8

Cuando era niño, nunca había pensado que Toronto tendría algún día espaciopuerto. Pero ya casi todas las ciudades lo tenían, al menos potencialmente. Los aviones espaciales podían despegar y aterrizar en cualquier pista que fuera lo bastante grande para un jet jumbo.

Los vuelos espaciales comerciales eran algo curioso desde un punto de vista jurisdiccional. El avión espacial al que estábamos a punto de subir despegaría de Toronto y volvería a aterrizar en Toronto; nunca visitaría ningún otro país, aunque volaría sobre un montón de ellos a una altura de más de 300 kilómetros. Con todo, como técnicamente era un vuelo doméstico, y como nuestro destino final, a bordo de un vehículo diferente, era la Luna, que no tenía gobierno ninguno, no necesitábamos pasaporte. Eso era conveniente, porque los habíamos dejado para nuestros… «sustitutos» me parecía una palabra adecuada.
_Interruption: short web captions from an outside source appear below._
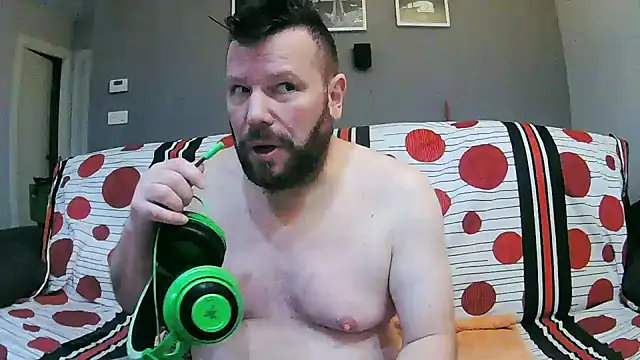 Snapshot of txan9876 chatting on November 5, 11:05 pm txan9876 online show from November 5, 11:05 pm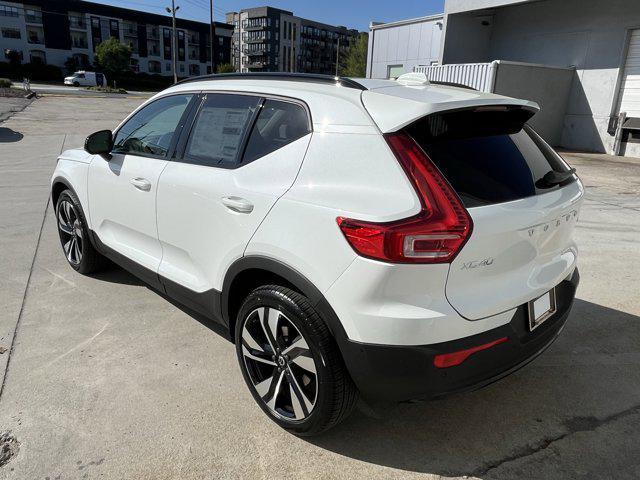 new 2025 Volvo XC40 car, priced at $51,565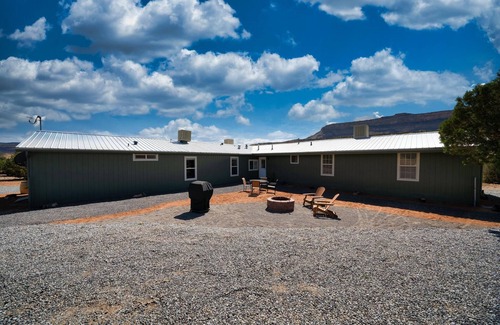 Palisade House | "The Bluff House-Privacy with spectacular views"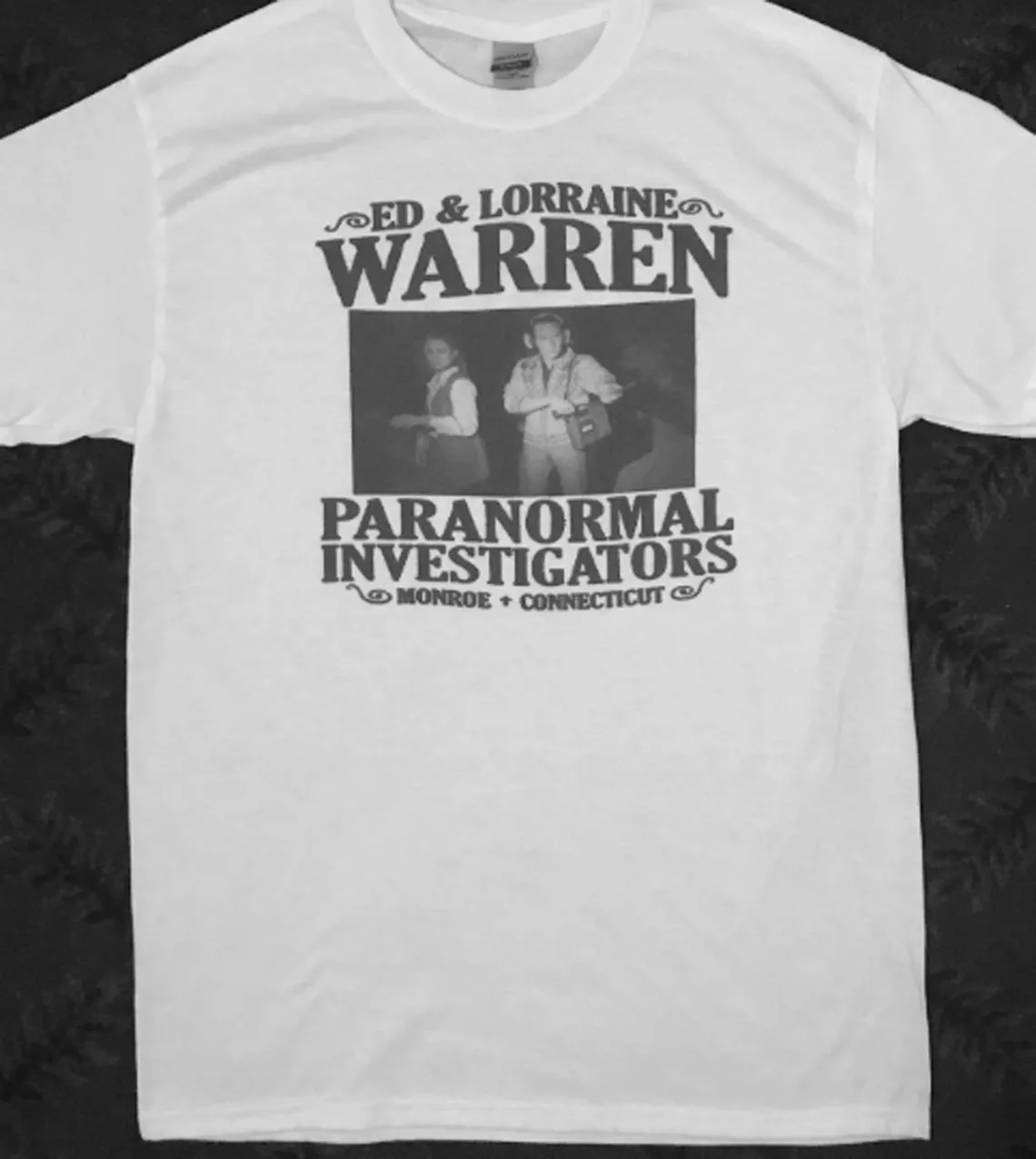 

Белая футболка The Warrens Conjuring Horror Movie
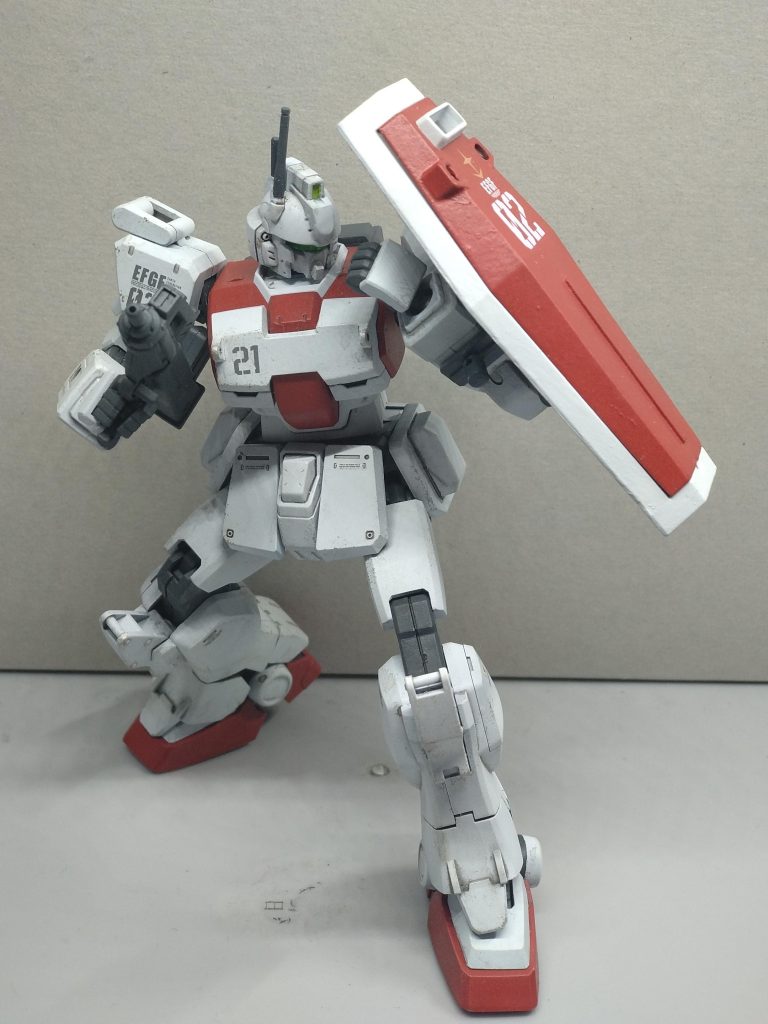 シールドは、通常ジムのものもご用意しました。やっぱりこれくらいのサイズの方が安心できますね。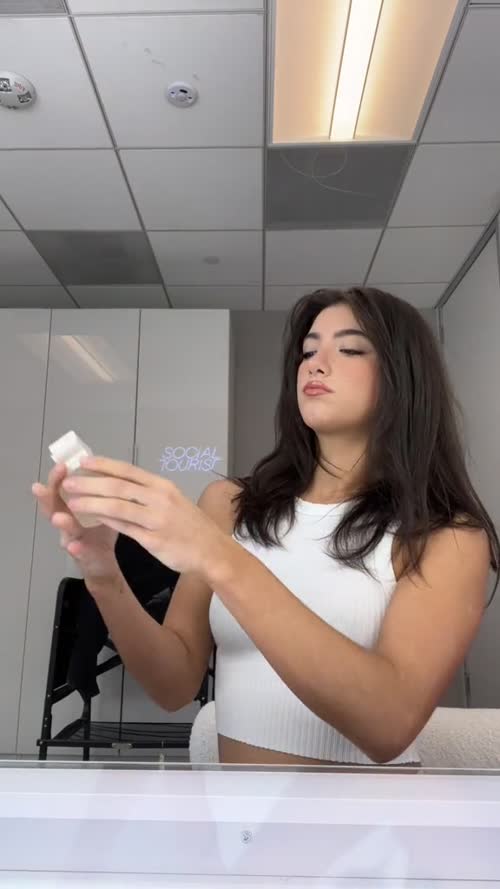 167423653701511048214699786306602835638 thumbnail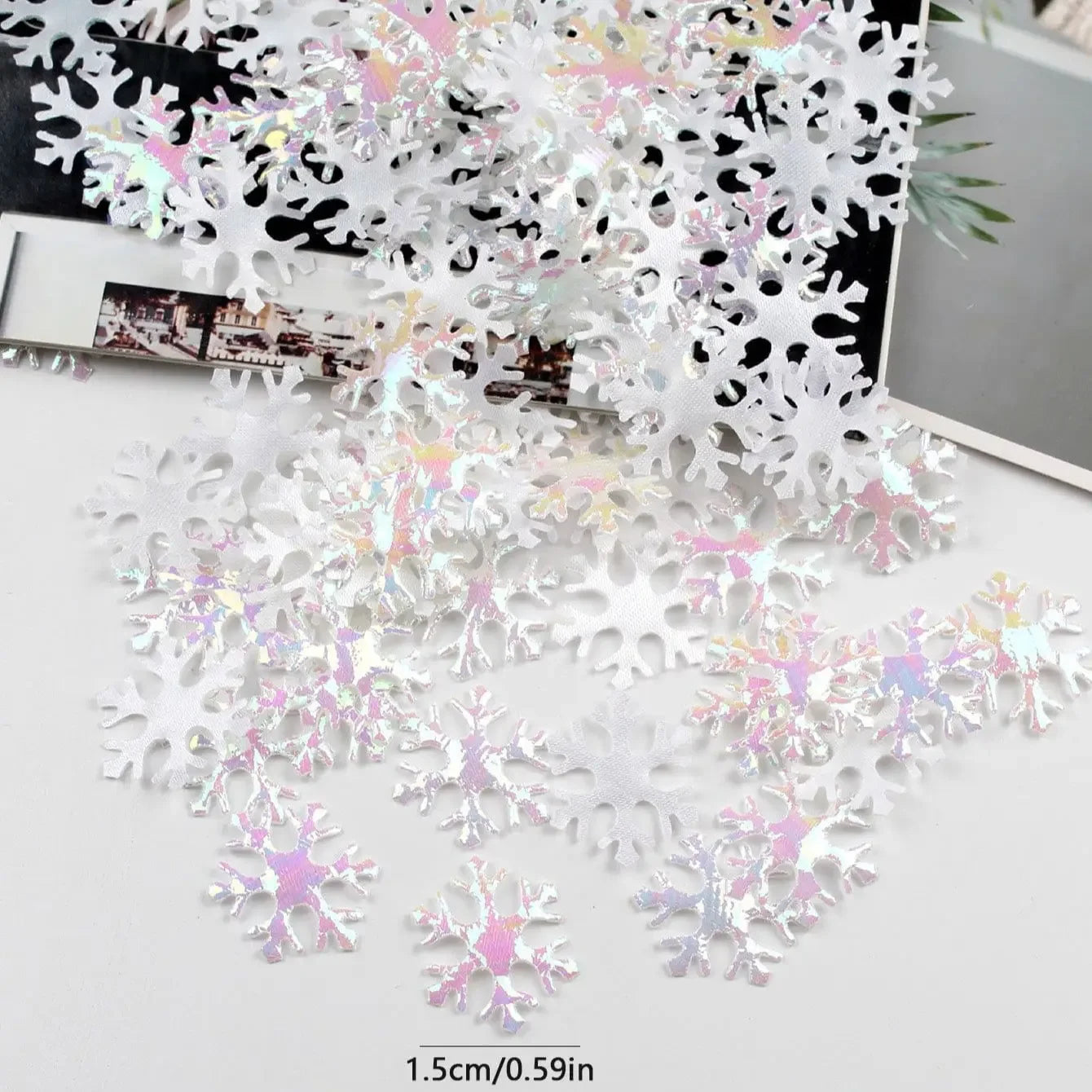 300pcs Christmas Snowflake Confetti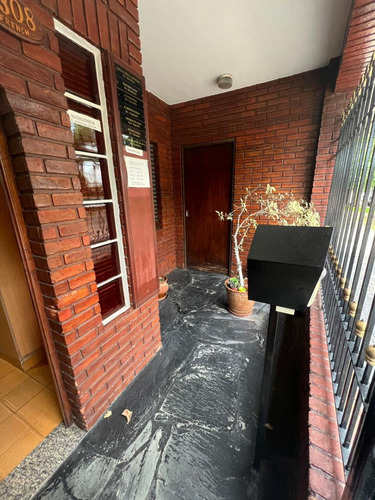 Casa Venta 5 Ambientes En Banfield Excelente Ubicacion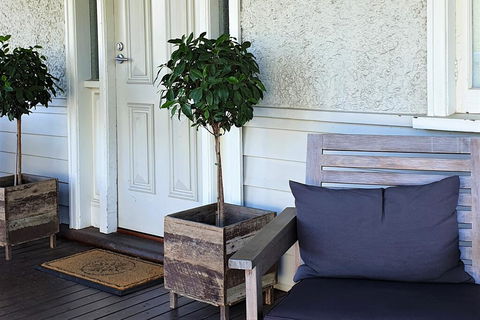 Healesville House - Magnolia House - Tourism Brisbane 3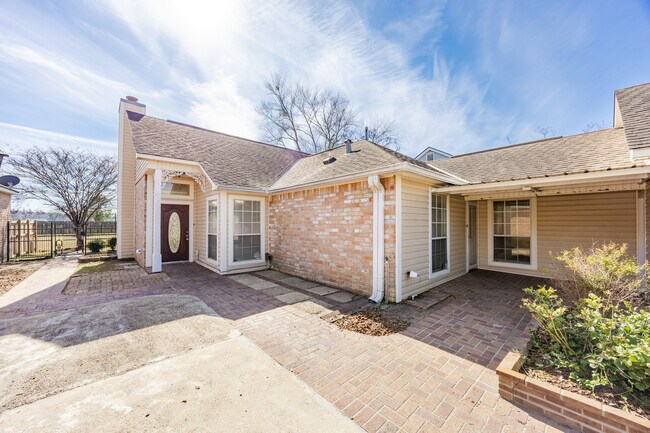 Foto del edificio - 13442 S Fairview Ave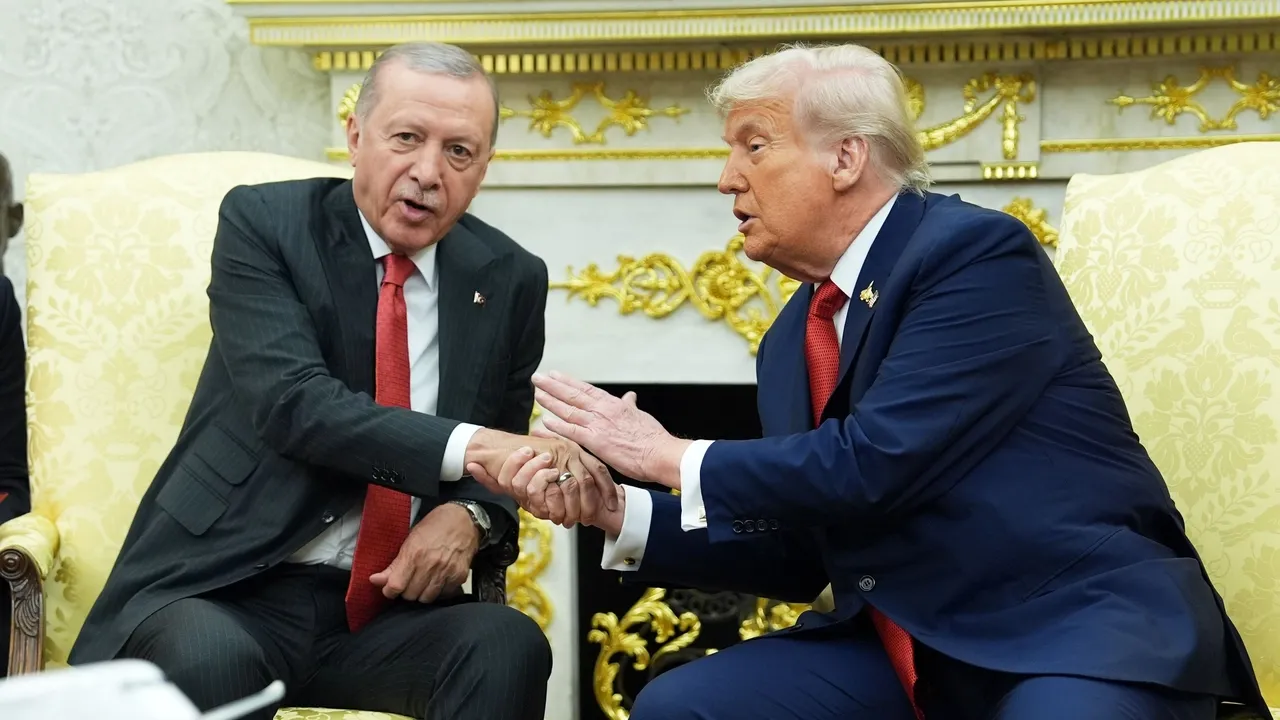 Трамп: «НАТО саммитіне Ердоған үшін қатысамын»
El finger estaba ya conectado cuando llegamos al vestíbulo de salida. Nuestro avión espacial era una gigantesca ala delta. Los motores iban montados sobre el ala, en vez de debajo: para protegerlos en la reentrada, supuse. La parte superior del casco estaba pintada de blanco y el vientre era negro. El logo de North American Airlines aparecía en varios lugares, y el aparato tenía un nombre grabado en letra cursiva cerca del vértice del triángulo: Icaro. Me pregunté a qué burócrata aficionado a la mitología se le había ocurrido.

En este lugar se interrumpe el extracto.